The lines to transcribe begin with the one containing "Clicgear Model 8+" and end with the last line below; reproduce them exactly, without the pictures.

DATA UNDER STUDY Block Start

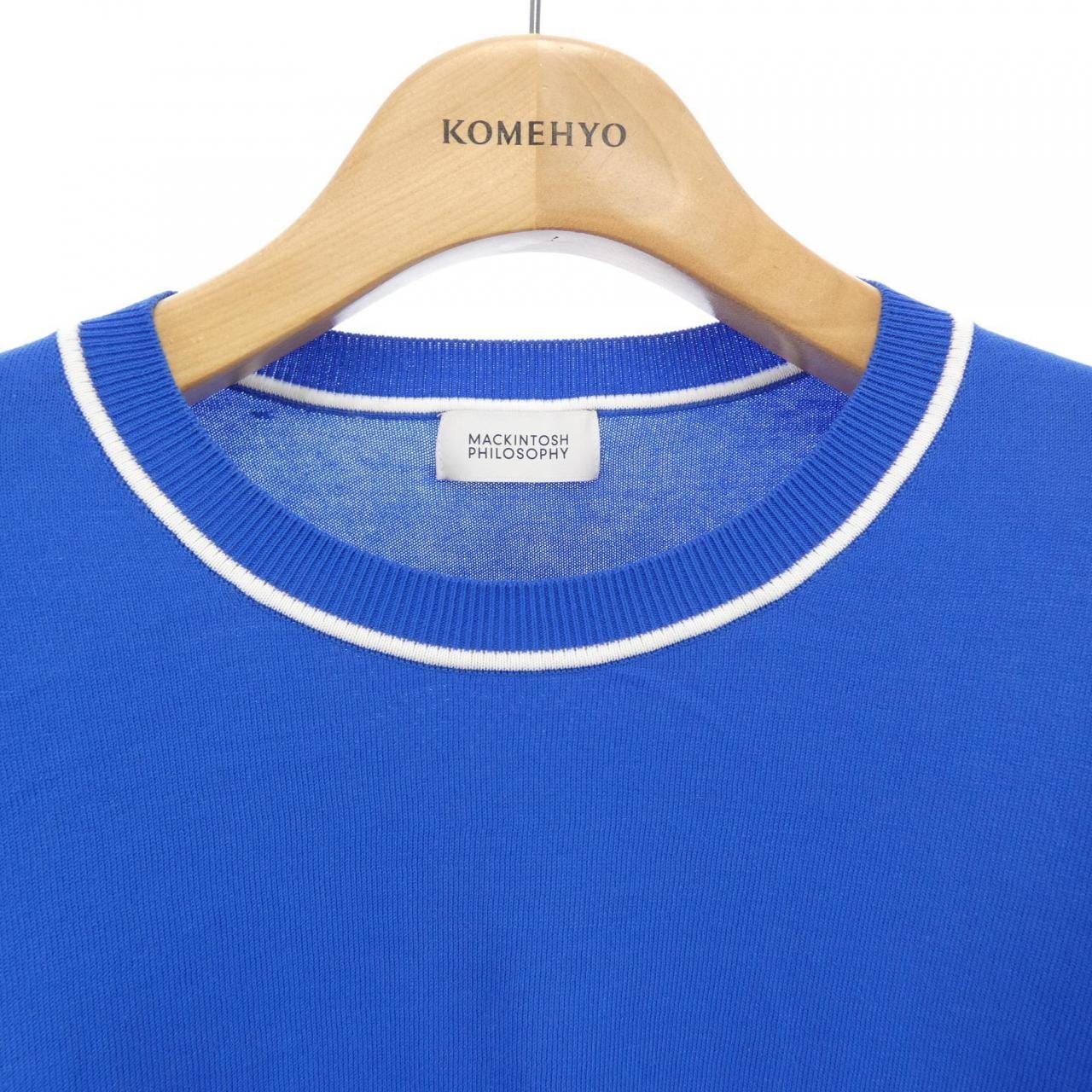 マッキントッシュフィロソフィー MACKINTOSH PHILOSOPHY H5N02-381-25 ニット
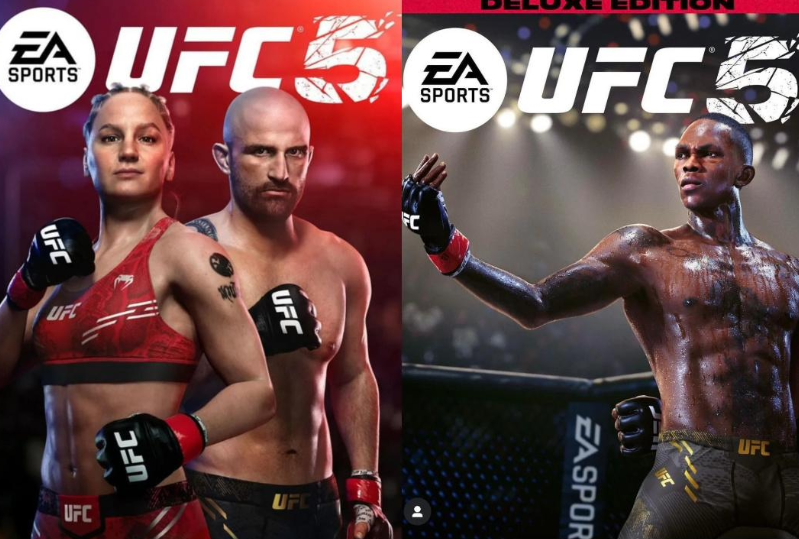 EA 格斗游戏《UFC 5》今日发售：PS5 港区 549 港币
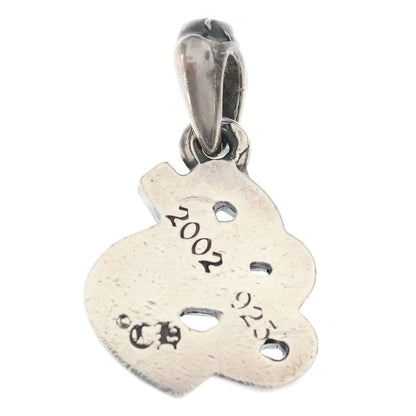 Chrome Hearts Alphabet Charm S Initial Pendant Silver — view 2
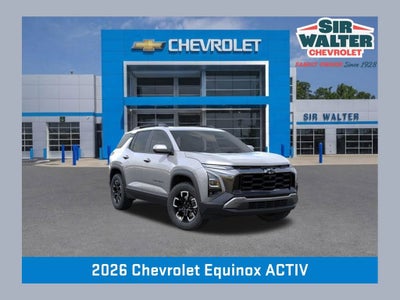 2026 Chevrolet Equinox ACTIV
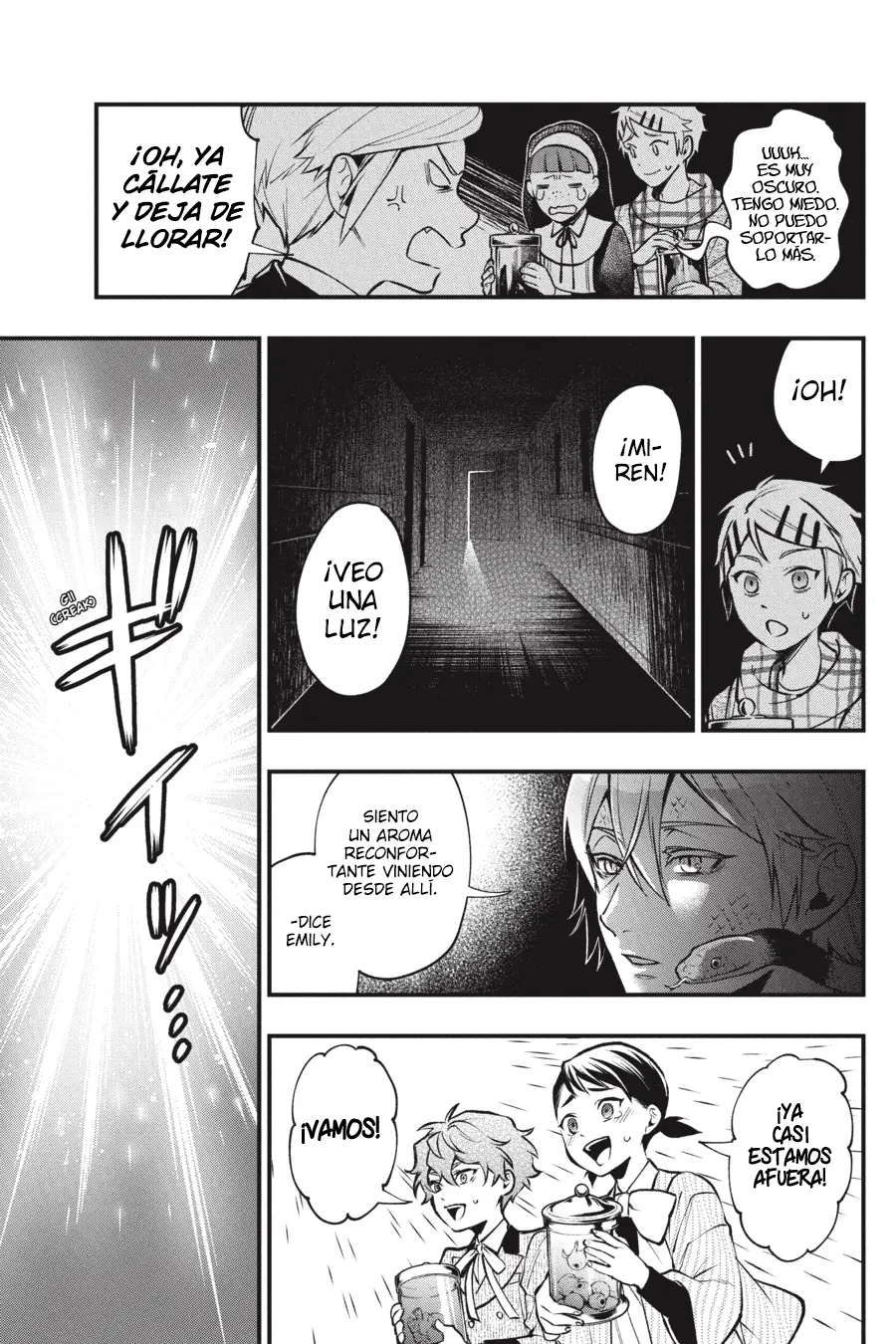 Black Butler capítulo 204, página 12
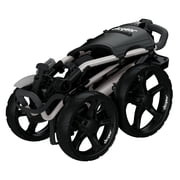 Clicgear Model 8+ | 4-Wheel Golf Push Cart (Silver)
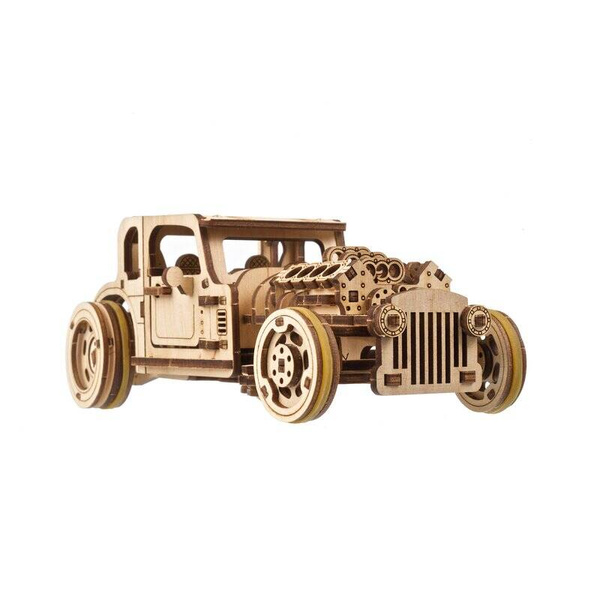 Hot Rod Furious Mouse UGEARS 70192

DATA UNDER STUDY Block End

__ANSWER TO THIS TASK__:
 Clicgear Model 8+ | 4-Wheel Golf Push Cart (Silver)
 Hot Rod Furious Mouse UGEARS 70192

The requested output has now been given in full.